- What to produce -
Would you please output, word for word, the span of the listing below that opens on the line containing "0876-ZAPATILLAS ADIDAS ULTRABOOST" and closes on the line containing "Планшет Blackview Tab"? Include both ends and nothing more.

-- Provided records follows --

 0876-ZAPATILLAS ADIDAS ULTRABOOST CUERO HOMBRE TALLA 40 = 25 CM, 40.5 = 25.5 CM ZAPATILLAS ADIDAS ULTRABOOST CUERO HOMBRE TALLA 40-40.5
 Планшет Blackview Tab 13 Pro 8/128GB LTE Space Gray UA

-- Provided records concluded --
-- Provided records follows --

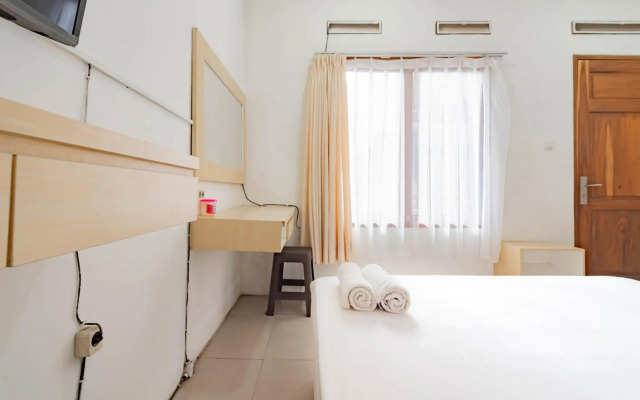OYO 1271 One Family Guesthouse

-- Provided records concluded --
-- Provided records follows --

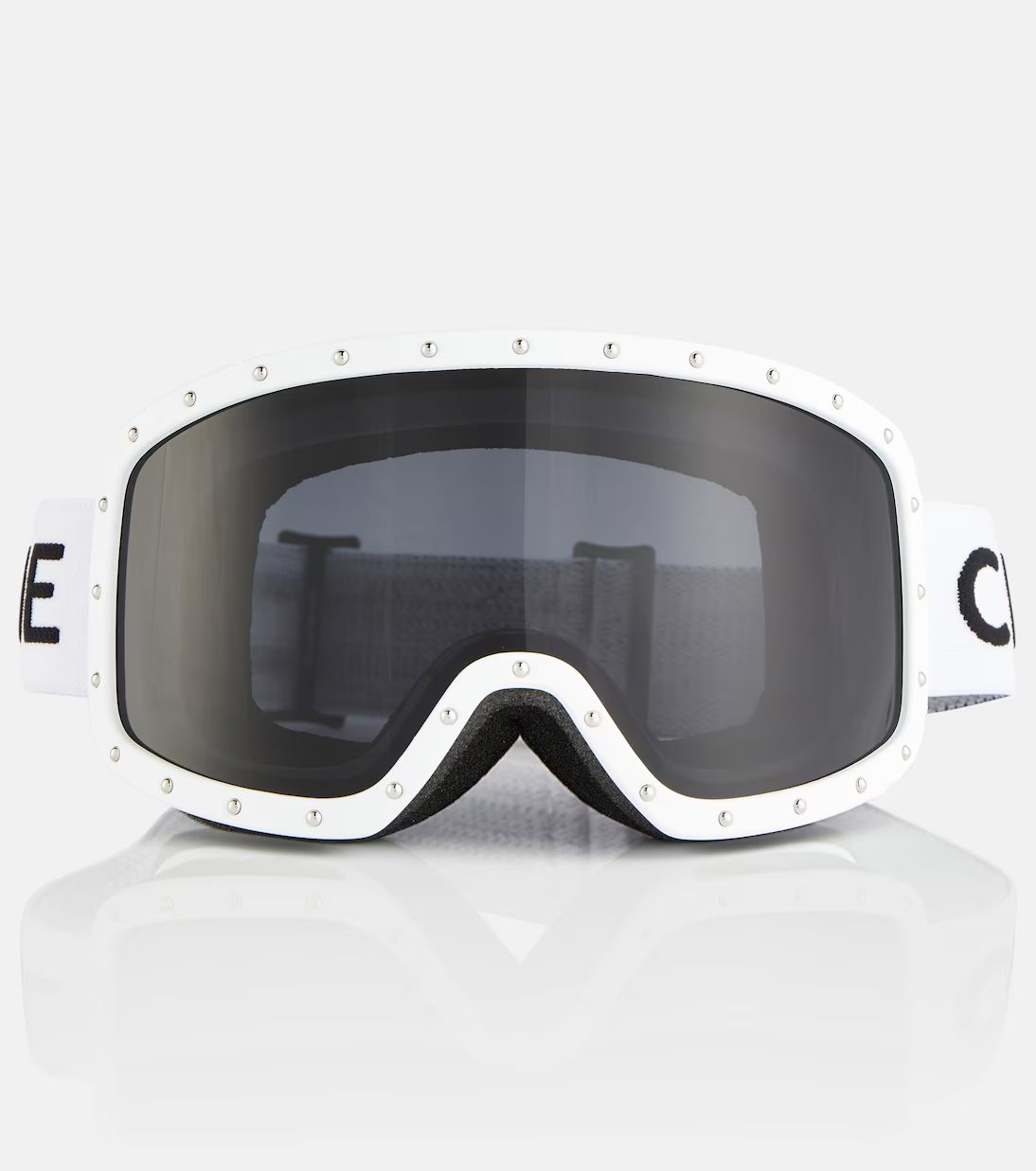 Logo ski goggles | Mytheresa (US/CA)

-- Provided records concluded --

- Response area -
 0876-ZAPATILLAS ADIDAS ULTRABOOST CUERO HOMBRE TALLA 40 = 25 CM, 40.5 = 25.5 CM ZAPATILLAS ADIDAS ULTRABOOST CUERO HOMBRE TALLA 40-40.5
 Планшет Blackview Tab 13 Pro 8/128GB LTE Space Gray UA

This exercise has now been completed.